Przenosząc konto możesz zaoszczędzić do kilkudziesięciu, a nawet kilkuset złotych rocznie. Zdarza się, że nowy bank dodatkowo zapłaci ci za tę zmianę. Poza finansowymi korzyściami weź pod uwagę wygodę, której nie doświadczałeś – płatności na telefon BLIK, Google oraz Apple Pay.
Ziarnko do ziarnka, a…. – to powiedzenie znają już dzieci. W ten sposób zachęcamy je do oszczędzania. Systematyczne odkładanie nawet niewielkich kwot w dłuższym czasie procentuje. A co by było, gdybyśmy my, dorośli, też poszukali takich ziarenek w naszym domowym budżecie? Warto zrobić listę wydatków, którą w prosty sposób można zoptymalizować. Poza abonamentem telewizyjnym, telefonicznym czy internetowym – powinny się na niej znaleźć opłaty związane z kontem w banku.

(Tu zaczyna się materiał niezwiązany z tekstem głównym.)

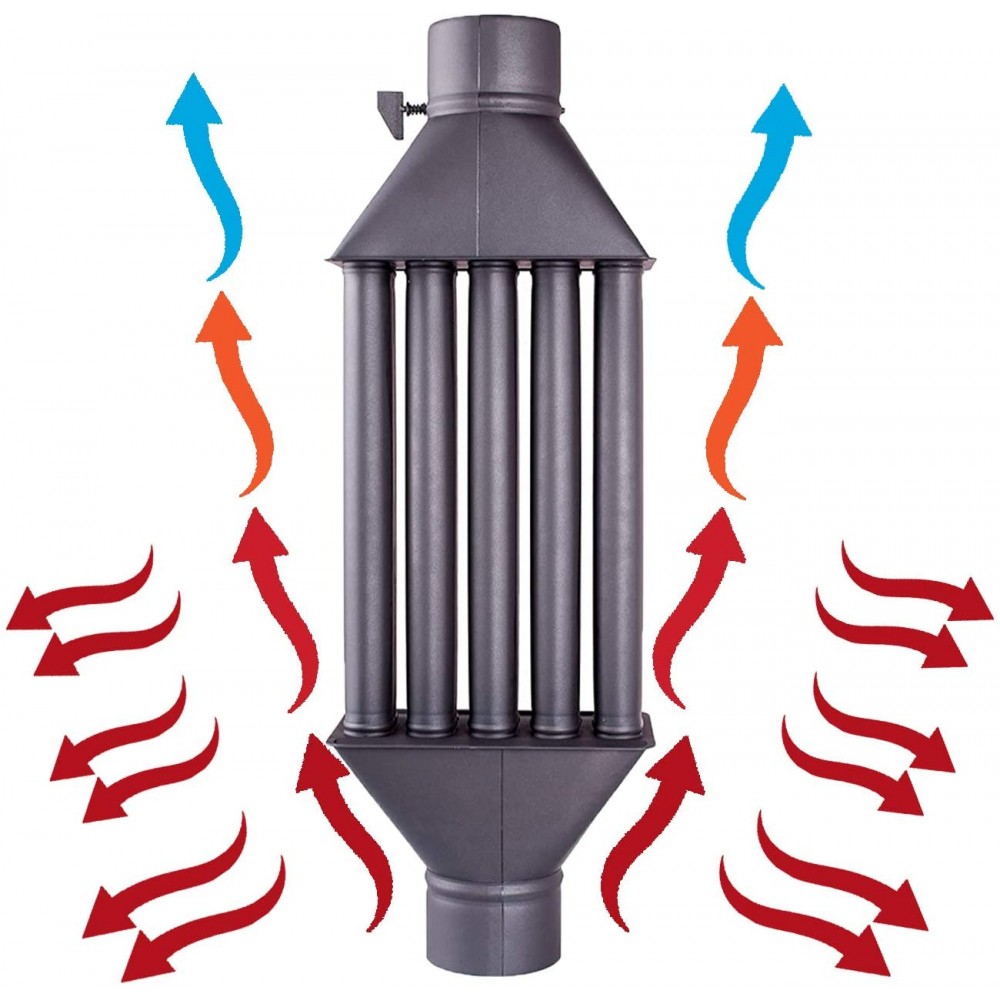 Scambiatore Di Calore Per Stufe A Legna XL, Diametro 130mm | Scambiatore di Calore | Camini |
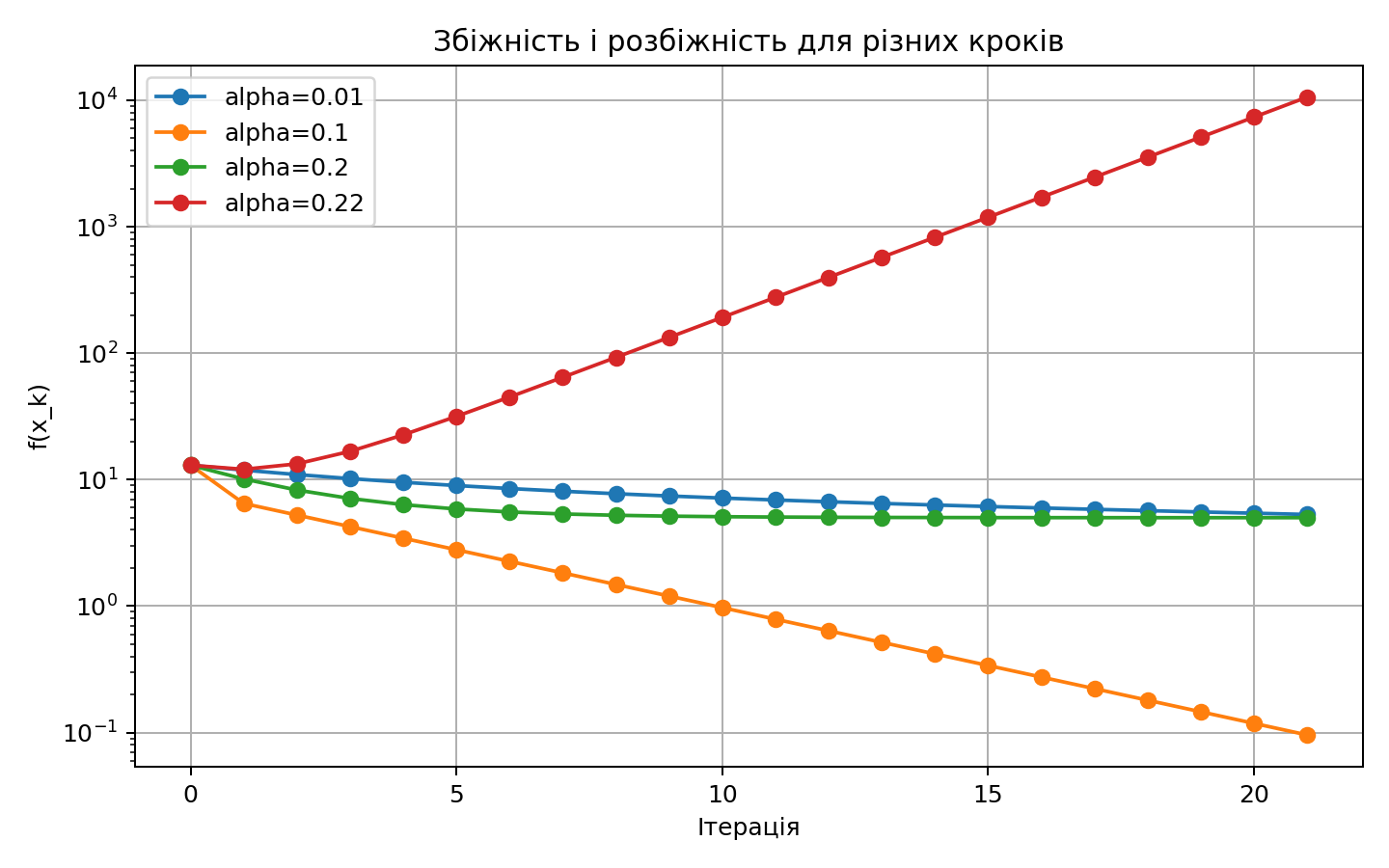 Значення цілі за ітераціями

Na rynku funkcjonuje wiele bezpłatnych rachunków. Banki nie wymagają wiele od klientów, czasem wystarczy 1000 zł miesięcznego wpływu na konto i na przykład jedna w miesiącu płatności kartą lub BLIK. Wydaje się, że założenia te są do spełnienia, nawet bez specjalnego pilnowania się. Miesięczny wpływ może być wpłatą wynagrodzenia lub jego części. A nad jednorazowym zapłaceniem kartą w miesiącu chyba nie warto się rozwodzić. Bywa jednak też tak, że taką kartą trzeba zapłacić kilka razy w miesiącu, lub na określoną kwotę. Wtedy trzeba się bardziej kontrolować, żeby nie ponieść takich kosztów, a to może być w roku 100 zł i więcej.
Klientom, którzy szukają oszczędności w opłatach bankowych, rekomendowałabym sprawdzić wysokość opłat w dotychczasowym banku: za prowadzenie rachunku, za kartę, za wypłaty z bankomatów oraz za przelewy przez internet. Jeśli wynoszą one więcej niż 0 zł, to czas na zmianę.
Do przeniesienia konta warto się przygotować i sprawdzić oferty. Czasami można dostać całkiem pokaźną premię za zmianę. Na przykład bank Credit Agricole do końca lipca za przeniesienie konta płaci nawet 300 złotych. W ten sposób, patrząc też na oszczędności w nowym banku na opłatach, zaczyna się zbierać całkiem niezła kwota.
Optymalizacje kosztowe to nie jedyny powód do zmiany. Twoi znajomi płaca telefonem, nie wyciągając karty z portfela? A słyszałeś o tym, że można przelać pieniądze znając tylko czyjś numer telefonu? Stwierdzenie, że technologia w usługach płatniczych to truizm. Jednak możliwości, które oferują teraz banki są znacznie większe niż kilka czy kilkanaście lat temu. Co ważne, nie wszystkie banki proponują najnowsze rozwiązania swoim klientom. Sprawdź i ten aspekt, zanim zdecydujesz się na zmianę. A same przenosiny są wręcz banalnie proste. Banki wyręczają klientów w większości uciążliwych i czasochłonnych czynności, jak przeniesienie zleceń stałych, poinformowanie pracodawcy czy Urzędu Skarbowego o numerze nowego rachunku.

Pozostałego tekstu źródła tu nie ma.